Nevertheless, they are well-crafted thriller tales and teenage me read them and enjoyed them and parts of them still stick with me. There is a part of Doctor No where a badly injured Bond is trying to climb up the inside of an air shaft (best not to think about why) and is trying not to think about how far it is, just focusing on each tiny step along the way. ‘Take the silver inches one by one, and conquer them’, is how Bond envisions his task, and from time to time when I am faced with some seemingly insurmountable and endless challenge, whether mental or physical, I will say that to myself as I try to get at it.

That’s pretty good. Overall, I mention all this because Fleming’s famous spy is I guess an idealized version of the British intelligence officer, larger than life and impressively heroic. Bond is smooth and cool and deadly. By contrast, most of Le Carré’s spies are not. His most famous creation, George Smiley, is short and pudgy and socially clumsy. It’s interesting – to me, anyway, that both Fleming and Le Carré had real world experience in the world of intelligence, yet portray it so differently. I’m not sure if that speaks to their backgrounds (Fleming from a wealthy family, Le Carré from a much more troubled one), their experiences with the espionage trade, or simply their aims as authors.

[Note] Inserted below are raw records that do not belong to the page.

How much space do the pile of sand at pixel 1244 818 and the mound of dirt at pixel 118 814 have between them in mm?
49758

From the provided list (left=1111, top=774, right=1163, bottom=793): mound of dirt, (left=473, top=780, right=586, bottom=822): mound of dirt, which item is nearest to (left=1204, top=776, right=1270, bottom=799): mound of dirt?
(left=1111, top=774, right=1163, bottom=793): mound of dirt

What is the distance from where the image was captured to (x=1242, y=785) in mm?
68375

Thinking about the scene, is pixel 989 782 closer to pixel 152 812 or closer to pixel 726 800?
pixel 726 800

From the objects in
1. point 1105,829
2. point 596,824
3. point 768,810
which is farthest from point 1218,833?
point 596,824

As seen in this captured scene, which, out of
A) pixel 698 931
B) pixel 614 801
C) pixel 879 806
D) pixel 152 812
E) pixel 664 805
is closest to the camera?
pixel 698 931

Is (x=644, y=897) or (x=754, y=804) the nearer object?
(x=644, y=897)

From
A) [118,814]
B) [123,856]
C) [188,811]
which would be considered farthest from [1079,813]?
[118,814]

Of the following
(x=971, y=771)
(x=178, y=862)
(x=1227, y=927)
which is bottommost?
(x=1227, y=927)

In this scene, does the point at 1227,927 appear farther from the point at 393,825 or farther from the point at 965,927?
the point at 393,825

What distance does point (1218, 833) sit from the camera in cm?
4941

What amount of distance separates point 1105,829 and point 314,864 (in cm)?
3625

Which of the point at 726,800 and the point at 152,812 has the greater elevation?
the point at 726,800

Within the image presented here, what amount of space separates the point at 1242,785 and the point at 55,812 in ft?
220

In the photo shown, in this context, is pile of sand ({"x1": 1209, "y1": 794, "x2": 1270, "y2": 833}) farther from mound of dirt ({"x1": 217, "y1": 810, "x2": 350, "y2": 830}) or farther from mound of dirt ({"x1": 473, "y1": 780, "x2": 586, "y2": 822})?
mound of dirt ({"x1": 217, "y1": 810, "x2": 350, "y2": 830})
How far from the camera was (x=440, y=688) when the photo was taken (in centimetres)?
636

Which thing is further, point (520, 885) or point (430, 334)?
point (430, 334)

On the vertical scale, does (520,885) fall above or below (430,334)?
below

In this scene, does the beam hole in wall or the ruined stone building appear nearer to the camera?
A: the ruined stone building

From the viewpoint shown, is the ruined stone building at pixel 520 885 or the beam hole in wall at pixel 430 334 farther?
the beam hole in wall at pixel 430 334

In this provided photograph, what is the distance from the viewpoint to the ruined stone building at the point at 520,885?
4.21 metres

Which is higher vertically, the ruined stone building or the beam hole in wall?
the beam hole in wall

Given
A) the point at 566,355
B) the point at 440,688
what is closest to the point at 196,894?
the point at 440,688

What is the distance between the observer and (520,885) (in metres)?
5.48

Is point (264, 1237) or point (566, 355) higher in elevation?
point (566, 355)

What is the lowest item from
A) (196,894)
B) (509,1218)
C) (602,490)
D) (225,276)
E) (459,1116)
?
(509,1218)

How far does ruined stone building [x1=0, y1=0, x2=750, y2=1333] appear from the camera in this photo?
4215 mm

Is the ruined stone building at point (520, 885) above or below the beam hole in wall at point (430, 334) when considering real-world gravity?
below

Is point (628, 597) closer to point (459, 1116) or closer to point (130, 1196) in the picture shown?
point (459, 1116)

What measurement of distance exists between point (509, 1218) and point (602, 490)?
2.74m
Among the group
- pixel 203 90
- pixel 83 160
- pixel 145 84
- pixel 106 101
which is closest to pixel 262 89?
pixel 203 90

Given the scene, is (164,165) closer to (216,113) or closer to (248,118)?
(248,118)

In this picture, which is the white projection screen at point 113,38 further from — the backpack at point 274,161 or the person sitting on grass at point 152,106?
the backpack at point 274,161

On the whole, though, I suspect Le Carré’s version of espionage, ‘delivering I knew not what to I knew not whom’ is rather nearer to the truth than Fleming’s, and his flawed characters rather more like most of the spymasters of the real world. Smiley is not a lethal weapon one-on-one, struggles with his personal relationships, but his mind is a machine of tremendous precision, and he is particularly acute at discerning people’s weaknesses and how to make use of them. Smiley is not really a hero in the conventional sense, I don’t think – he does his duty and does it well, but we don’t get a great sense of idealism out of him. We see his moral and ethical struggles through many of the books, eventually ending with his determination to do what is required to defeat his opposite number on the Soviet side; whether the personal cost that Smiley paid for all this is worth it or not is left for the reader to determine. A great deal of espionage in Le Carré’s books is at best uncomfortable, and often downright unpleasant manipulations of people who may or may not deserve their fates, in the interests of powerful men and nations who may or may not deserve their defeats, and their victories.

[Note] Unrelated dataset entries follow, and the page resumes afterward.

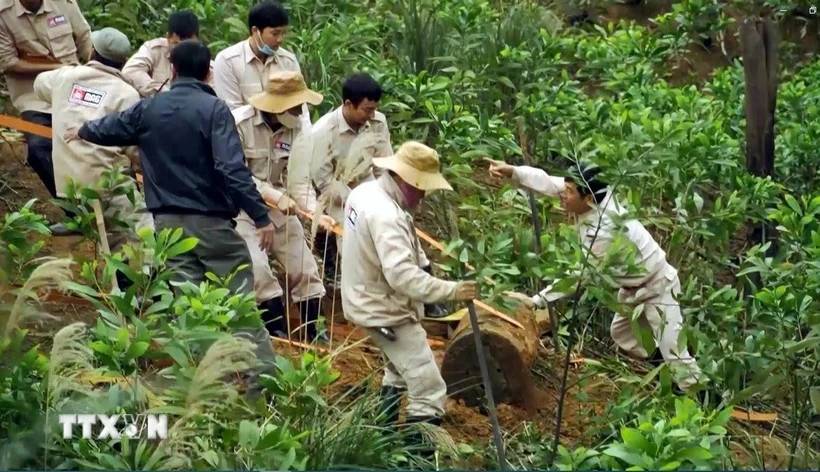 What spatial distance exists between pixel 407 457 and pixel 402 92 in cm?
432

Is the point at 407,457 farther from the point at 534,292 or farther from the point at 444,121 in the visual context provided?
the point at 444,121

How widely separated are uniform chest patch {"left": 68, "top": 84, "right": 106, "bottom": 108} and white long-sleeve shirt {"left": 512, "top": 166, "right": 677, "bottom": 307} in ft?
6.92

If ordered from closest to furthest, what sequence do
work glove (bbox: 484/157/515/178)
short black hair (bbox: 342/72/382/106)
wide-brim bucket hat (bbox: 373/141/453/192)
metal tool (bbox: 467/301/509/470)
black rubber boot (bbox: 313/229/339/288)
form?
metal tool (bbox: 467/301/509/470)
wide-brim bucket hat (bbox: 373/141/453/192)
work glove (bbox: 484/157/515/178)
short black hair (bbox: 342/72/382/106)
black rubber boot (bbox: 313/229/339/288)

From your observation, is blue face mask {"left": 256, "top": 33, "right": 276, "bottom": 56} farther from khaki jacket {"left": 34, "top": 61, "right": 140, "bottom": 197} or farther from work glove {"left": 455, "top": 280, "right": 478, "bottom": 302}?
work glove {"left": 455, "top": 280, "right": 478, "bottom": 302}

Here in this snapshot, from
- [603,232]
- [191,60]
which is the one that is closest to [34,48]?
[191,60]

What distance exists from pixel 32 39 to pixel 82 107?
127 cm

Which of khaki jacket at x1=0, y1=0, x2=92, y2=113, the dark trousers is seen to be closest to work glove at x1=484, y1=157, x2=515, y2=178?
the dark trousers

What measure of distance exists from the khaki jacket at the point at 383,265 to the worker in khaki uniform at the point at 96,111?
1.47m

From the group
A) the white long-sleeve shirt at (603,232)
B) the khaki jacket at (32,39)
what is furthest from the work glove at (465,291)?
the khaki jacket at (32,39)

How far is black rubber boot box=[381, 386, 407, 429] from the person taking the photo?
6.76 meters

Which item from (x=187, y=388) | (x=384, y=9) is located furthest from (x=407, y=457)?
(x=384, y=9)

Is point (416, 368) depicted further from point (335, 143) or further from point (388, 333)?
point (335, 143)

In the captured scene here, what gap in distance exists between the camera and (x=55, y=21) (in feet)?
29.7

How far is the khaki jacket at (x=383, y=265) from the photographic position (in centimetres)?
668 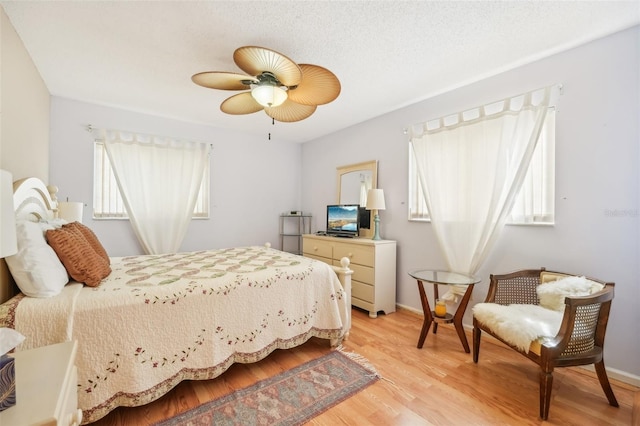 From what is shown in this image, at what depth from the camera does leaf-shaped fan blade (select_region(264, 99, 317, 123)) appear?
2.29 m

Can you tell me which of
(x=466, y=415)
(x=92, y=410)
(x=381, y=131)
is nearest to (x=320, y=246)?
(x=381, y=131)

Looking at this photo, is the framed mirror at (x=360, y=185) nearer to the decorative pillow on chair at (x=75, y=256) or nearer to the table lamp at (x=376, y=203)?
the table lamp at (x=376, y=203)

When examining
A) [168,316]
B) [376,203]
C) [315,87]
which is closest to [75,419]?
[168,316]

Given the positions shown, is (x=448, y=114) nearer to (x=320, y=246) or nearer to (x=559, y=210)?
(x=559, y=210)

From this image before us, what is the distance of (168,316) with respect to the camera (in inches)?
64.2

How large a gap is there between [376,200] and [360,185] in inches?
23.0

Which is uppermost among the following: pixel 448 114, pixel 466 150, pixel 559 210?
pixel 448 114

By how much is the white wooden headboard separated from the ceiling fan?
1321mm

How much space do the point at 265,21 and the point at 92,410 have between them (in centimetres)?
251

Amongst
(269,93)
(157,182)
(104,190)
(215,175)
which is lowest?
(104,190)

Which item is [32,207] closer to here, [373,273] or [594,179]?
[373,273]

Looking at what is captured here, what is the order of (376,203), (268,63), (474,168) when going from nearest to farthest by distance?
(268,63) < (474,168) < (376,203)

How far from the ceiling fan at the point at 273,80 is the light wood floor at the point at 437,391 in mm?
2041

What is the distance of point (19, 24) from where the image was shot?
1896 mm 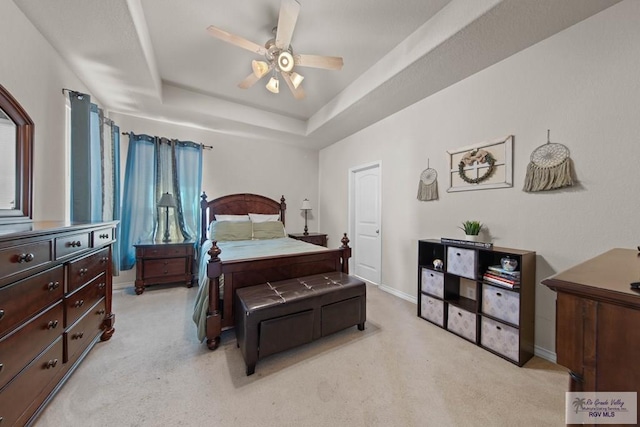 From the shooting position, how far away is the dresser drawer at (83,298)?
5.00 ft

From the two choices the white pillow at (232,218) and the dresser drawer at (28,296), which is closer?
the dresser drawer at (28,296)

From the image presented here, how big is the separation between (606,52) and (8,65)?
14.1ft

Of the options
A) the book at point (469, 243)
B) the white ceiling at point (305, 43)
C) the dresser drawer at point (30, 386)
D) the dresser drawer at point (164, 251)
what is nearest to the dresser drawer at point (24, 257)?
the dresser drawer at point (30, 386)

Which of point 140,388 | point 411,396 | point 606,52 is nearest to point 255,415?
point 140,388

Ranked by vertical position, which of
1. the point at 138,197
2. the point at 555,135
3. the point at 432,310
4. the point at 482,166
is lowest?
the point at 432,310

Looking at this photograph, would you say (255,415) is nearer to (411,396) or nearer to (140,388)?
(140,388)

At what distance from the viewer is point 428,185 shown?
2865 mm

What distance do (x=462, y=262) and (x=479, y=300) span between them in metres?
0.36

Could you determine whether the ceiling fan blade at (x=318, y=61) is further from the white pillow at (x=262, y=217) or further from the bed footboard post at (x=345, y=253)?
the white pillow at (x=262, y=217)

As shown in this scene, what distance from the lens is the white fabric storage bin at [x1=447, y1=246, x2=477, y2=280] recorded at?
7.13 feet

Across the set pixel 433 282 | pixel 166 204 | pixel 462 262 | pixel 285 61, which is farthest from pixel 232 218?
pixel 462 262

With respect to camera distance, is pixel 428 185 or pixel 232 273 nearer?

Le Carré’s fictional worlds are less clearly divided into the good and the bad than many other spy stories, and in many of them basically decent people (like George Smiley) end up doing inarguably ghastly things to achieve their aims, leaving both them and the audience wondering if it was worth it. To me, although the secret war of Le Carré’s agents and assets comes across as fairly thoroughly awful, making it difficult to really identify with any of the factions at work, his characters are intensely human, and it is extremely easy to identify with them, and to feel their triumphs, their struggles, and their failures.

Rather than monolithically heroic and villainous sides, Le Carré gives us a rather more murky picture where fighting the struggle in the shadows exacts a massive price on everyone who participates, and I wonder if that’s one of the points he is trying to make. It seems to me one of the consistent themes of Le Carré’s stories that he appears suspicious and cynical of large and powerful organizations and institutions (of whatever kind – his Constant Gardener takes a justifiably harsh view of drug companies) but he’s immensely sympathetic towards individual people, and the dilemmas they often find themselves in. That’s a point of view that I find myself increasingly identifying with.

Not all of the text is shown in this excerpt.